Selamün Aleyküm Aziz Kardeşlerim,

Üstad yalanın hiçbir yerde caiz olmadığını söylüyor. Halbuki biz üç yerde yalan söylemenin caiz olduğunu öğrenmiştik. Hatta Hendek savaşında yeni müslüman olan birine Efendimizin karşı tarafa asılsız haber uçurmak için görevlendirdiğini biliyoruz. Bu durum da üstadın aşağıdaki sözleri ile Efendimiz'in sünneti nasıl kabil-i tevfik olunabilir?

Sual: Bir maslahata binaen kizbin caiz olduğu söylenilmektedir. Öyle midir?

Cevab: Evet, kat'î ve zarurî bir maslahat için bir mesağ-ı şer'î vardır. Fakat hakikata bakılırsa, maslahat dedikleri şey bâtıl bir özürdür. Zira usûl-i şeriatta takarrur ettiği vechile, mazbut ve miktarı muayyen olmayan bir şey, hükümlere illet ve medar olamaz. Çünki mikdarı bir hadd altına alınmadığından sû'-i istimale uğrar. Maahaza bir şeyin zararı menfaatına galebe ederse, o şey mensuh ve gayr-ı muteber olur. Maslahat, o şeyi terketmekte olur. Evet âlemde görünen bu kadar inkılablar ve karışıklıklar, zararın özür telakki edilen maslahata galebe etmesine bir şahiddir. Fakat kinaye veya ta'riz suretiyle yani gayr-ı sarih bir kelime ile söylenilen yalan, kizbden sayılmaz.
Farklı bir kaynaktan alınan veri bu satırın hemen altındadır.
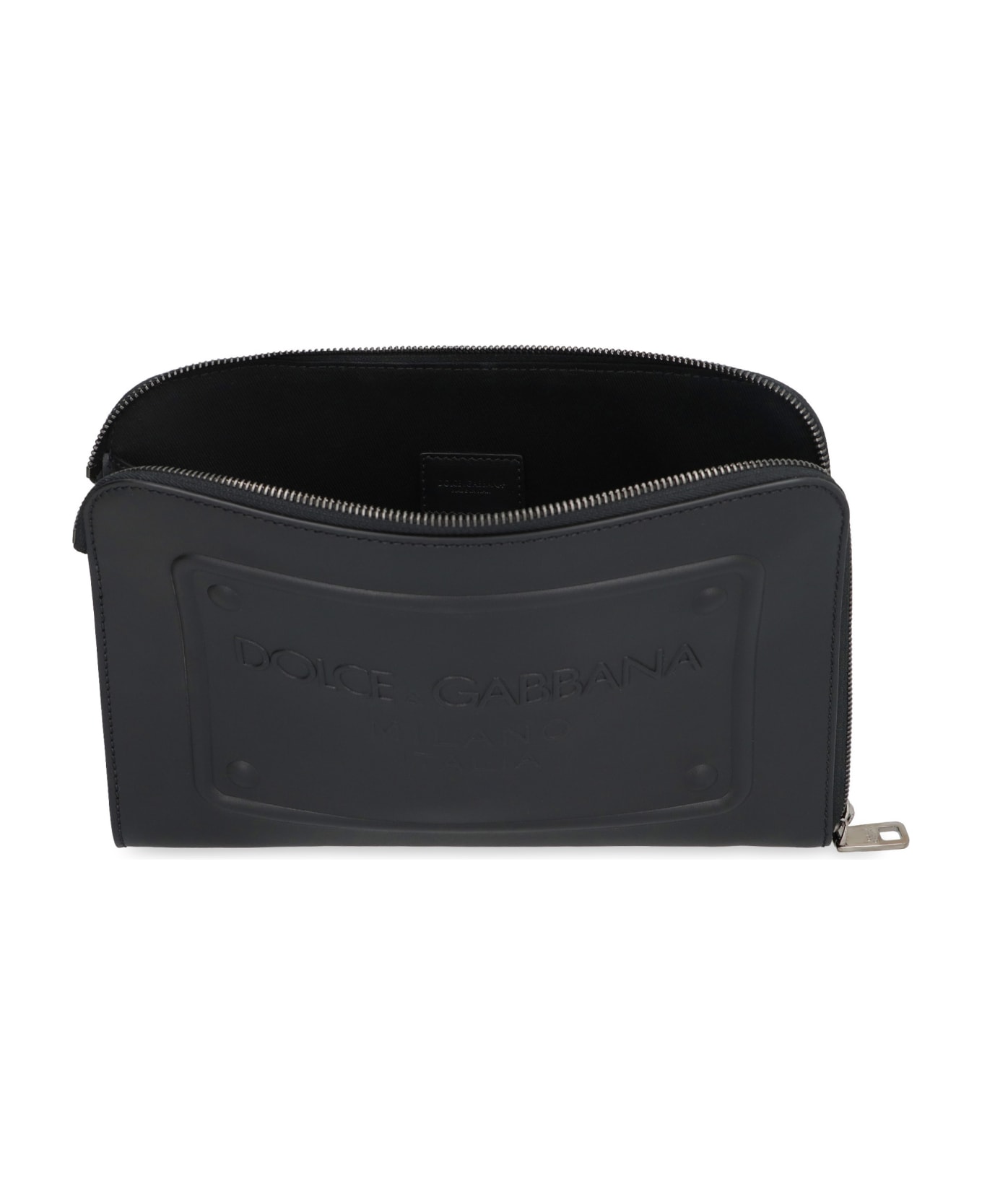 Dolce & Gabbana Leather Clutch - black バッグ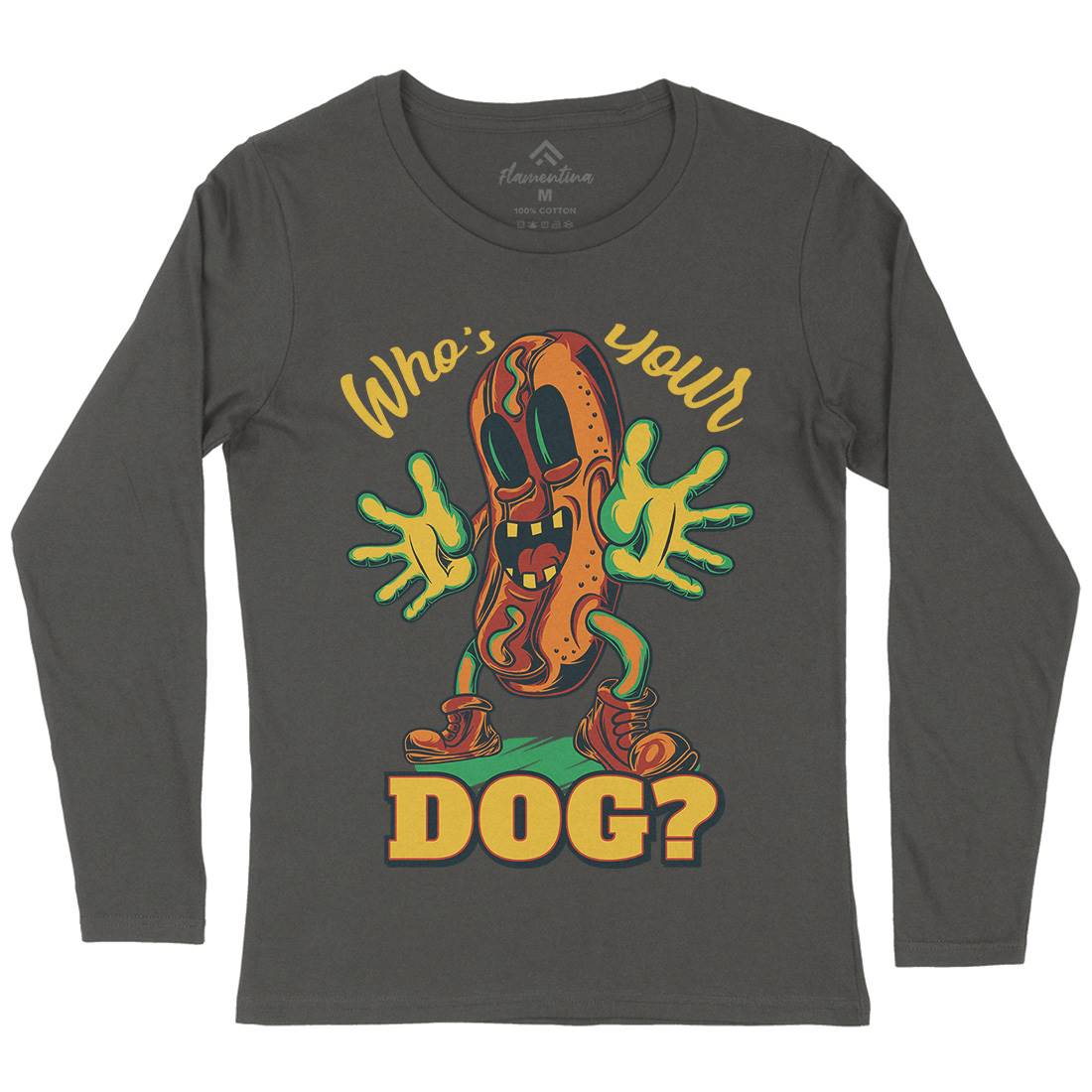 Hot Dog Womens Long Sleeve T-Shirt Food C822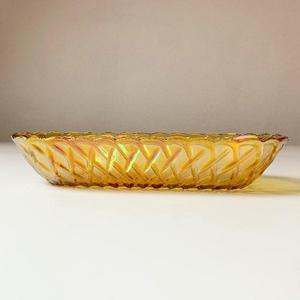 Bandeja de espejo de Metal de diseñador moderno de lujo en forma de manzana, gran tono dorado exclusivo, característica decorativa elegante, acero duradero para el hogar - Product Image 4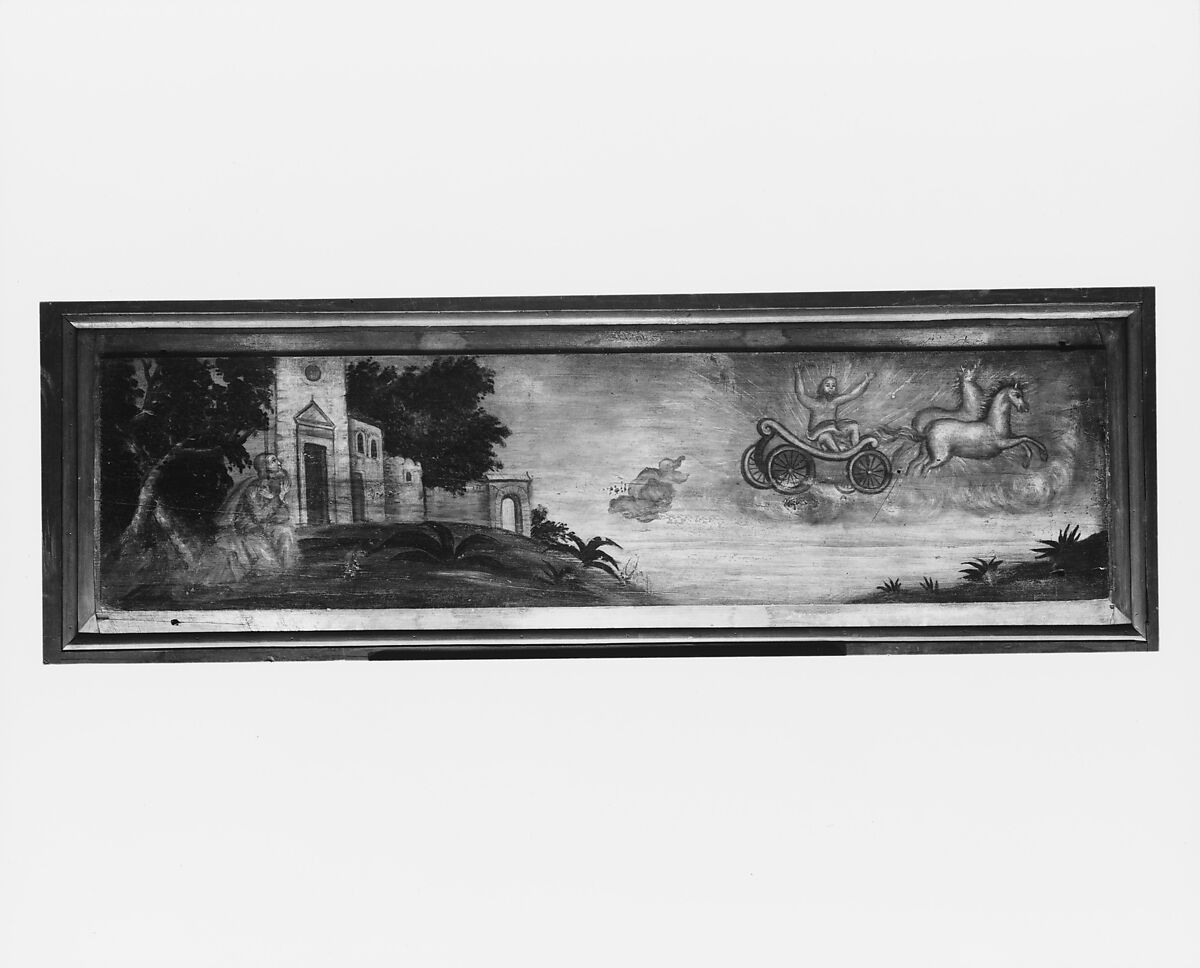 Panels and Door from the Hoagland Farm, Griggstown, New Jersey, Painted pine, American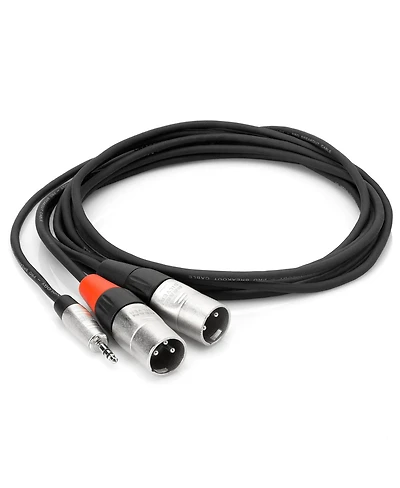 Hosa Technology 15' Rean 3.5mm Trs to Dual XLR3M 24 Awg Pro Stereo Breakout Cable
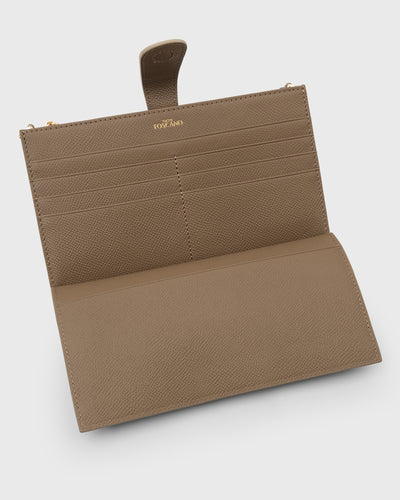 Vela Travel Wallet (Taupe)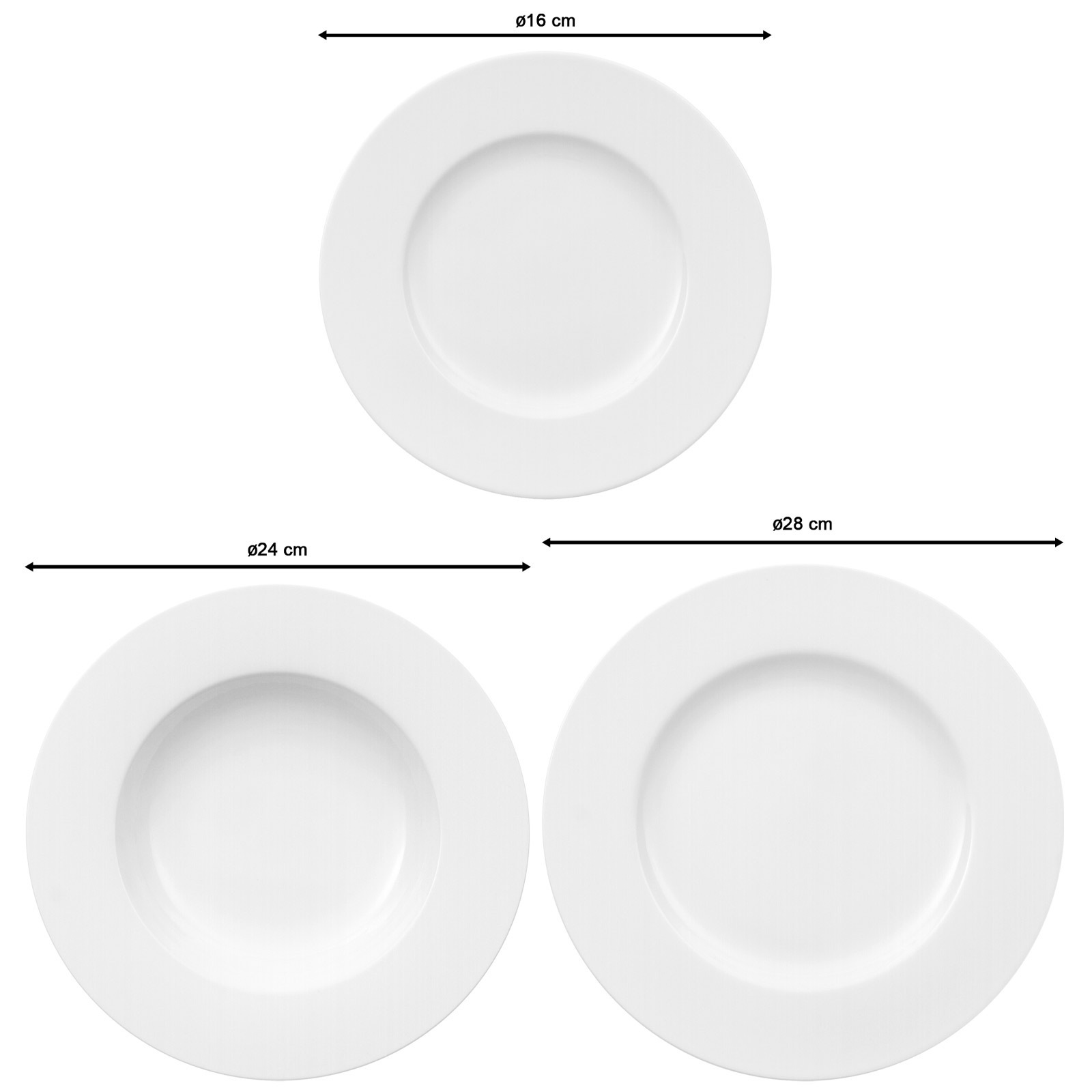 Villeroy & Boch Geschirr-Set »Starter-Set Royal weiß« Spülmaschinengeeignet, Mikrowellenfest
Hülâsa: Yol ikidir: Ya sükût etmektir. Çünki söylenilen her sözün doğru olması lâzımdır. Veya sıdktır. Çünki İslâmiyetin esası, sıdktır. İmanın hassası, sıdktır. Bütün kemalâta îsal edici, sıdktır. Ahlâk-ı âliyenin hayatı, sıdktır. Terakkiyatın mihveri sıdktır. Âlem-i İslâm'ın nizamı, sıdktır. Nev'-i beşeri kâ'be-i kemalâta îsal eden, sıdktır. Ashab-ı Kiram'ı bütün insanlara tefevvuk ettiren sıdktır. Muhammed-i Hâşimî Aleyhissalâtü Vesselâm'ı meratib-i beşeriyenin en yükseğine çıkaran, sıdktır.